A Turkish broadcaster later ran surveillance video purporting to show Saudi consular staff burning documents within one day of Khashoggi’s death.

“That all indicates to me that Erdogan now, that he will have to reveal everything,” Tol said. “Yes, there were negotiations going on, but Turkey apparently did not get what it wanted.”

Reversing course at this point, Tol added, would represent a “huge U-turn” from Ankara.

Erdogan pulled such an about-face recently in releasing Andrew Brunson, a U.S. pastor who spent more than two years in a Turkish prison on terrorism charges. Brunson’s imprisonment had been seen as an example of hostage diplomacy and his release as proof that Turkey’s judiciary operates based on what its government finds politically expedient.

Momani, the Canadian scholar, thought that it was no coincidence that Brunson went home at the height of the Khashoggi investigation, with the U.S. midterms approaching.

“I think Brunson’s release was intimately tied to the broader objective that the Turks have, which is to get out of the cold internationally, and they know that Brunson was an important issue, particularly to Vice President Pence and much of the evangelical base that does support the Republican party,” she said.

The Trump administration leveled tariffs on Turkey in pursuit of Brunson’s release, although it has said little about other U.S. government workers languishing in Turkish prisons.

“Donald Trump wants this to go away,” Momani said. “He has a midterm election coming up. He wants to be able to avoid more questions about what he sees as an insignificant issue. This is a noncitizen. He’s made that very clear.”

Turkish objectives are diverse: Momani noted that Erdogan’s cronies are intertwined with the country’s construction center, and its ailing economy could use a boost from lucrative contracts from Riyadh, which is losing international business support.

“Everybody else is pulling out,” she said. “Nobody else wants to do this stuff for the Saudis any more. Saudis don’t have the capacity to build. They don’t have enough engineers. They don’t have the type of contractors.”

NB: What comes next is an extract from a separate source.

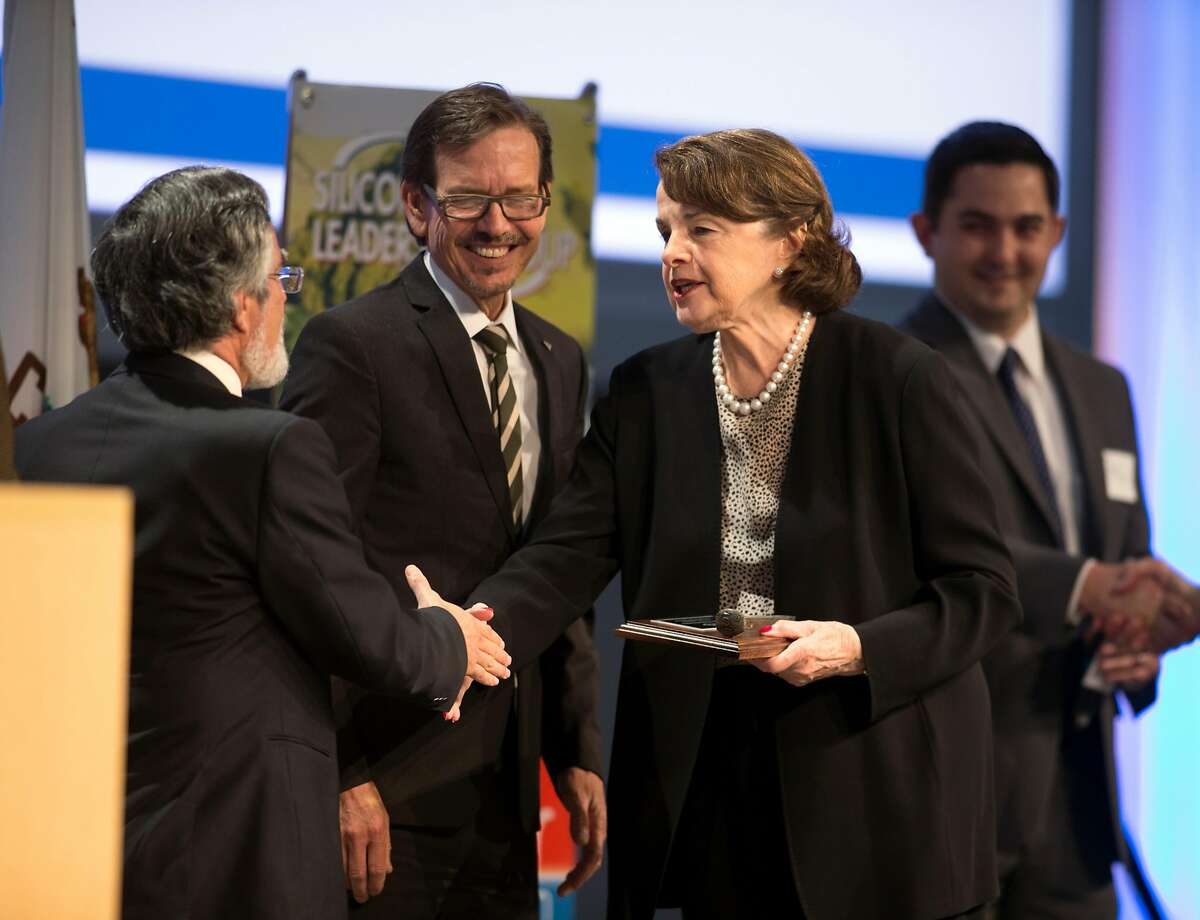 U.S. Sen. Dianne Feinstein, right, greets Aaron Peskin, chairman of SFCTA, left, and Robert Raburn, board vice president of BART, before speaking to an audience at the Silicon Valley Leadership Group on Friday, April 21, 2017 in Sunnyvale, Calif.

Erdogan has timed his announcement with the start of Saudi Arabia’s investment conference “Davos in the Desert,” which has been reeling from executives pulling out in protest to Khashoggi’s murder.

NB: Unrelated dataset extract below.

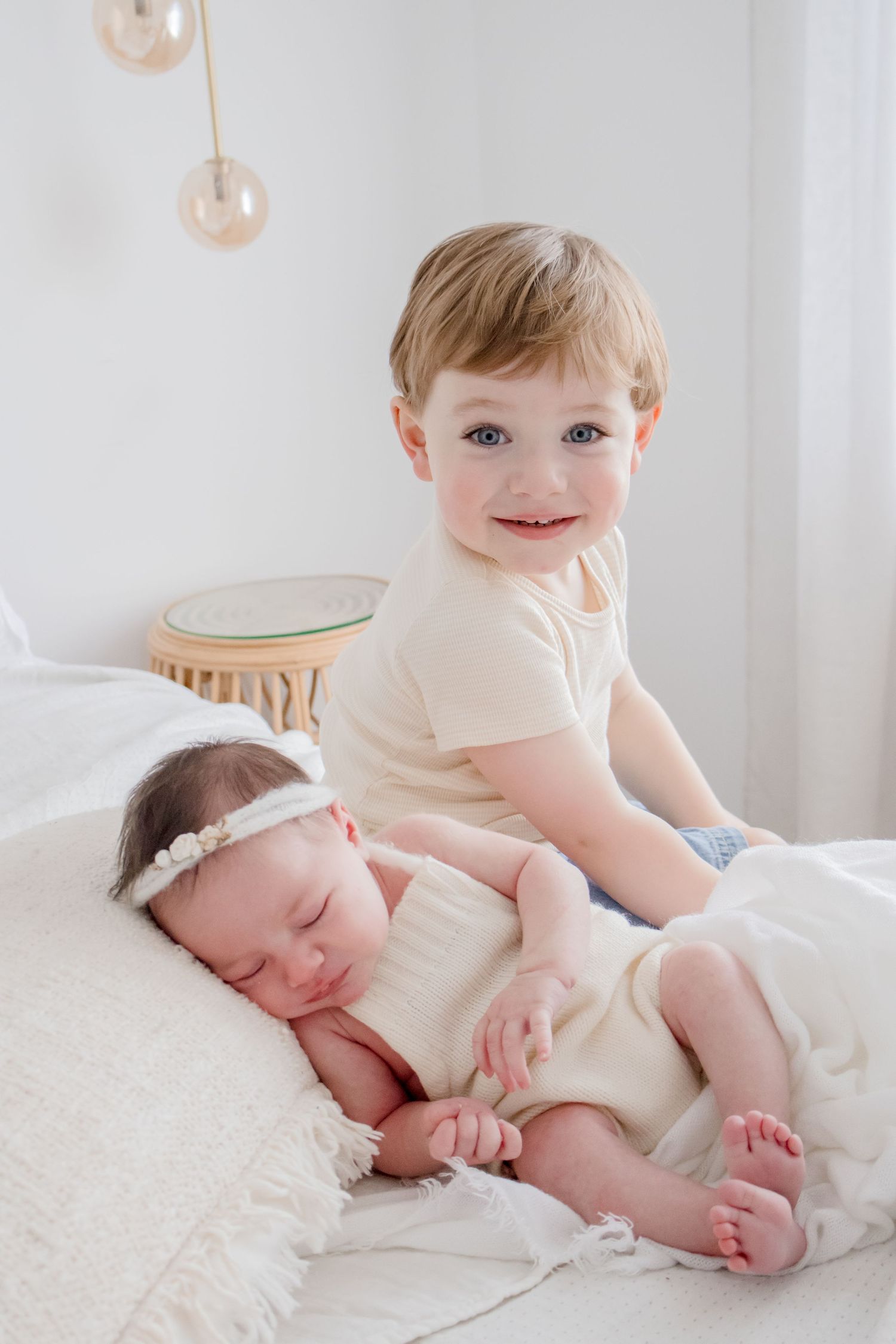 Siblings posing together on white bed with soft lighting and rattan decor.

Erdogan is also facing pressure from a multibillion-dollar money-laundering case involving Turkey’s state-run Halkbank, whose manager was recently convicted of violating U.S. sanctions to Iran.

The Turkish government could see the Khashoggi case as an opportunity to avoid potentially crippling fine from the U.S. Treasury.

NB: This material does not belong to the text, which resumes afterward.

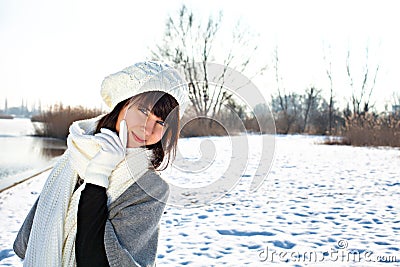Young woman in warm clothes outdoor in a winter day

“Erdogan is a master at this,” said Tol, the Washington-based analyst. “He can turn anything into an opportunity.”

Domestically Erdogan is facing pressure from hardliners who criticized him for releasing Brunson, and observers have framed Turkey and Saudi Arabia’s rivalry as a struggle for leadership of the Islamic world.

Omer Celik, a spokesman for Turkey’s ruling Justice and Development Party, emphasized that the government will “not allow a cover-up” of Khashoggi’s death.

“It is a matter of honor for us that this is uncovered,” Celik said on Saturday. “We will shed light on this using all means we have.

Press freedom is hardly an overriding concern for any of the three nations.

“Look, we’re not talking about a perfect democracy here,” Tol said of Erdogan’s Turkey. “We’re talking about a man who is the biggest jailer of journalists.”

The Khashoggi affair has been calling attention to the sins of the other two powers at the table, such as the U.S.-backed Saudi war in Yemen, which the U.N. recently estimated threatens 13 million people with starvation.

In his relentless attacks on the media, Trump recently cheered on a Montana congressman’s assault of a journalist, leaving many in the United States looking for human rights help wherever they can find it.

“All eyes are now on Turkey, even in Washington, where Erdogan doesn’t have many friends people are now applauding what he is doing,” Tol noted. “He can now claim that seat by a principled stand. He can reclaim the tarnished image. He can fix part of it, I guess.”